▶ _RECORD EXTRACTS_
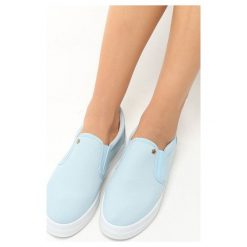 Niebieskie Slip On Alba. Niebieskie trampki damskie slip on Born2be. Za 14,99 zł.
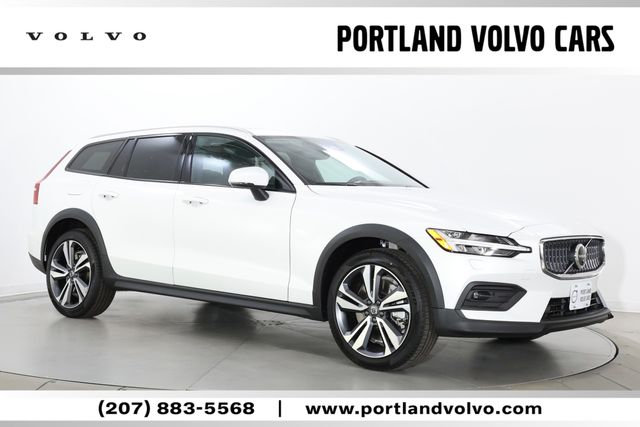 2026 Volvo V60 Cross Country B5 Plus AWD's photo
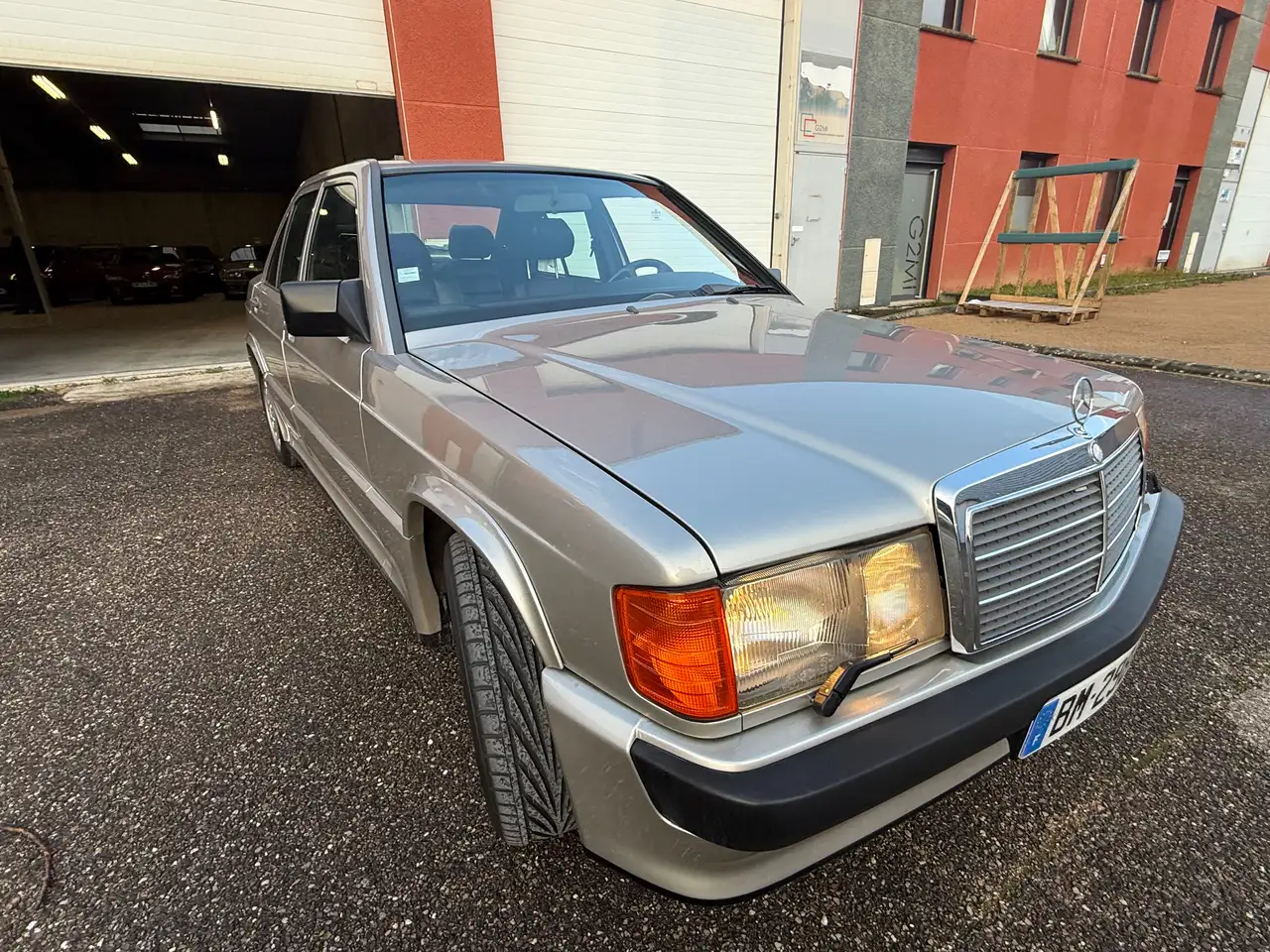 Mercedes-Benz 190 E 2.3 16V Confort, foto 1
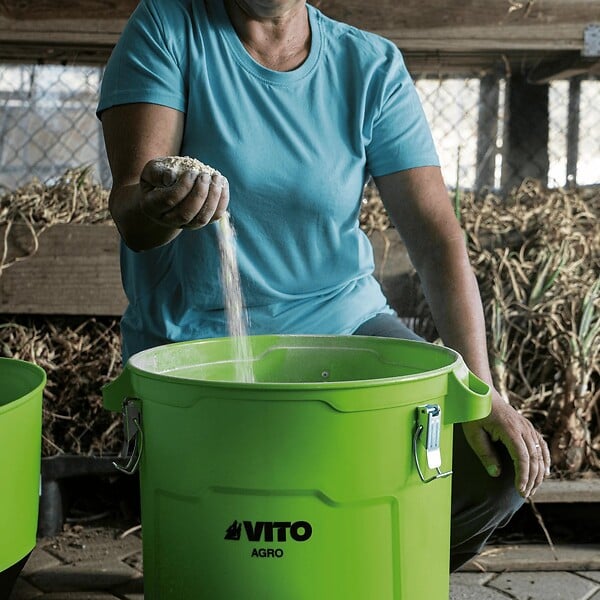VITO - Moulin à Grains électrique 50L 1300W 5 tamis 2 à 8 mm Débit 400 kg/h - Broyeur Céréales Maïs Épices & Aliments pour Animaux VITO - large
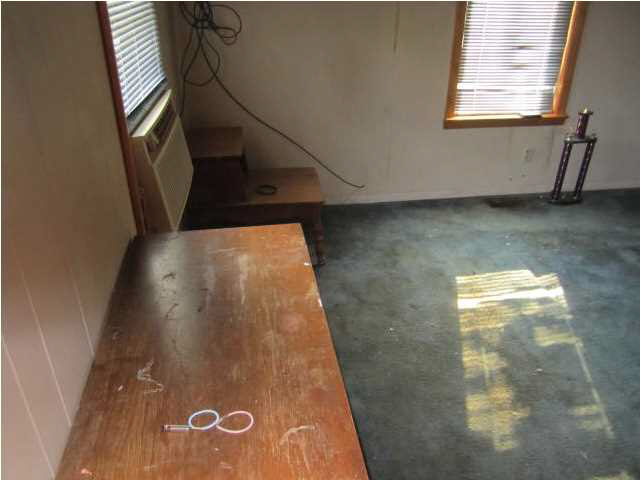 205 W 4th St, Huntingburg, IN 47542 photo 12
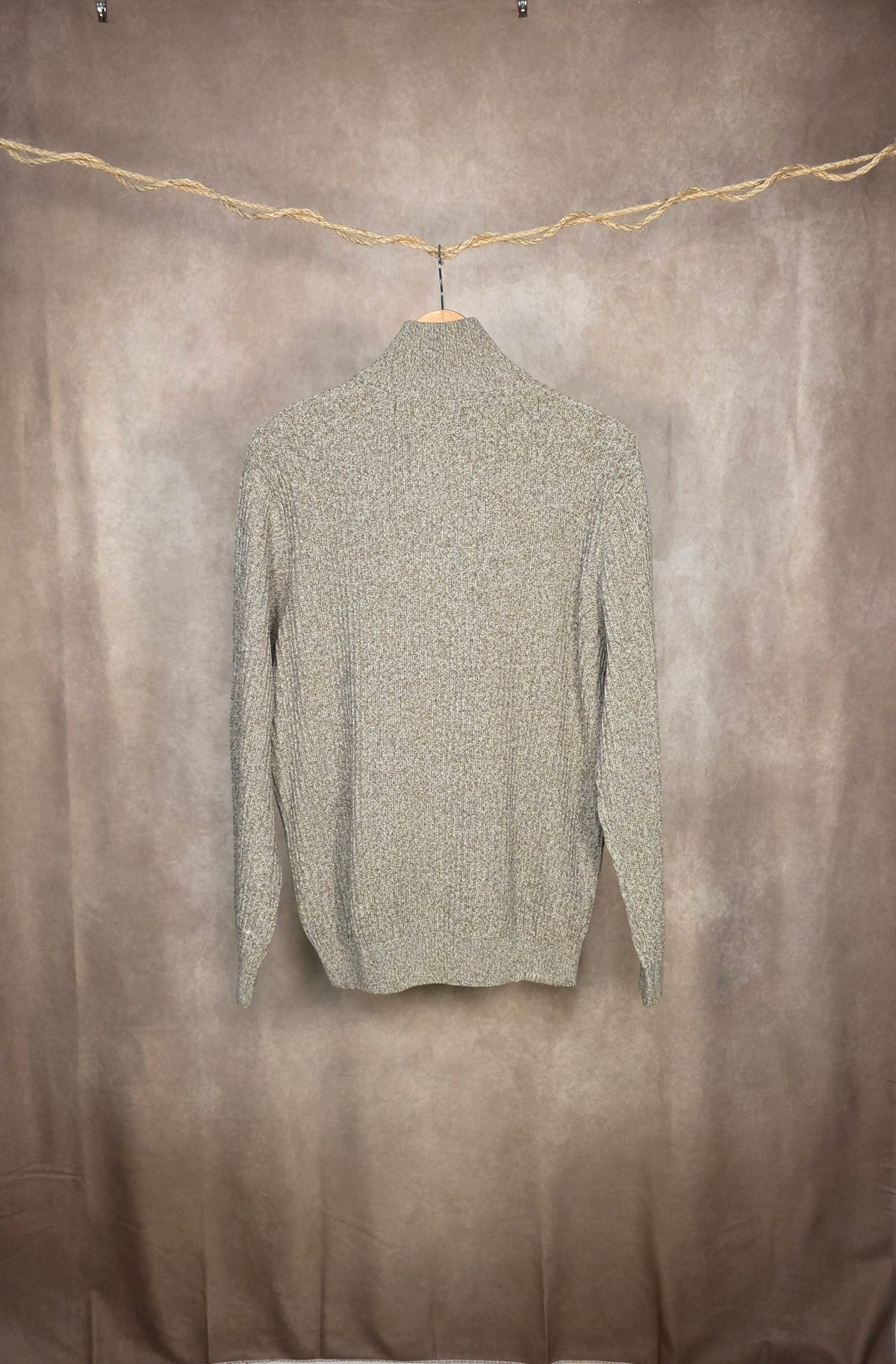 Maglione a coste con mezza zip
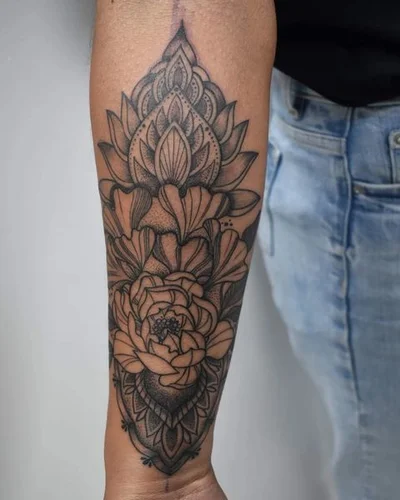 Cristina Superstea tattoo 043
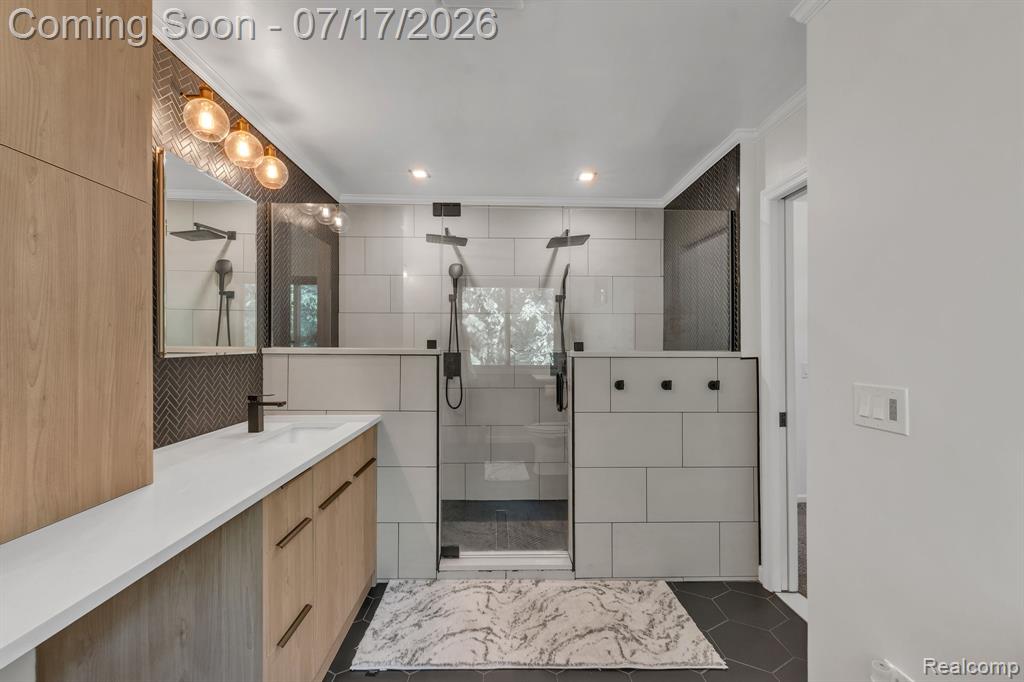 6081 Beachwood Drive, West Bloomfield, MI 48324 — Photo 34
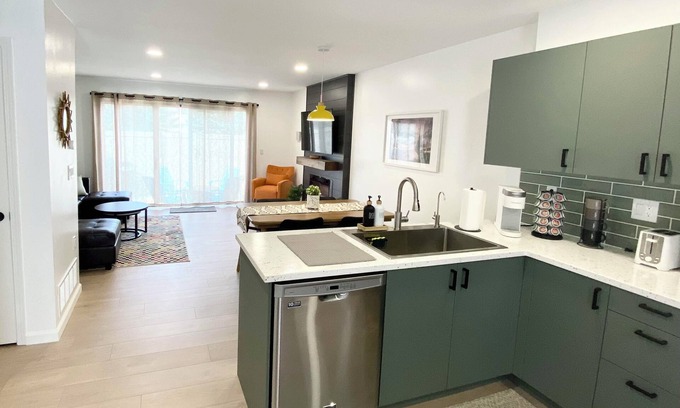 Dublin House | Modern & Cozy 2BR Townhouse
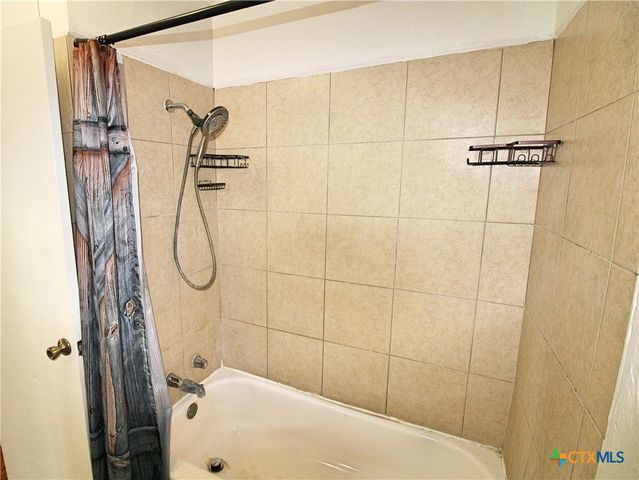 1001 E Main Street, Little River Academy, TX 76554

▶ _REQUIRED ACTION_
Print the full listing exactly, dropping the pictures.

▶ _EXERCISE RESPONSE_
 Niebieskie Slip On Alba. Niebieskie trampki damskie slip on Born2be. Za 14,99 zł.
 2026 Volvo V60 Cross Country B5 Plus AWD's photo
 Mercedes-Benz 190 E 2.3 16V Confort, foto 1
VITO - Moulin à Grains électrique 50L 1300W 5 tamis 2 à 8 mm Débit 400 kg/h - Broyeur Céréales Maïs Épices & Aliments pour Animaux VITO - large
 205 W 4th St, Huntingburg, IN 47542 photo 12
 Maglione a coste con mezza zip
 Cristina Superstea tattoo 043
 6081 Beachwood Drive, West Bloomfield, MI 48324 — Photo 34
 Dublin House | Modern & Cozy 2BR Townhouse
 1001 E Main Street, Little River Academy, TX 76554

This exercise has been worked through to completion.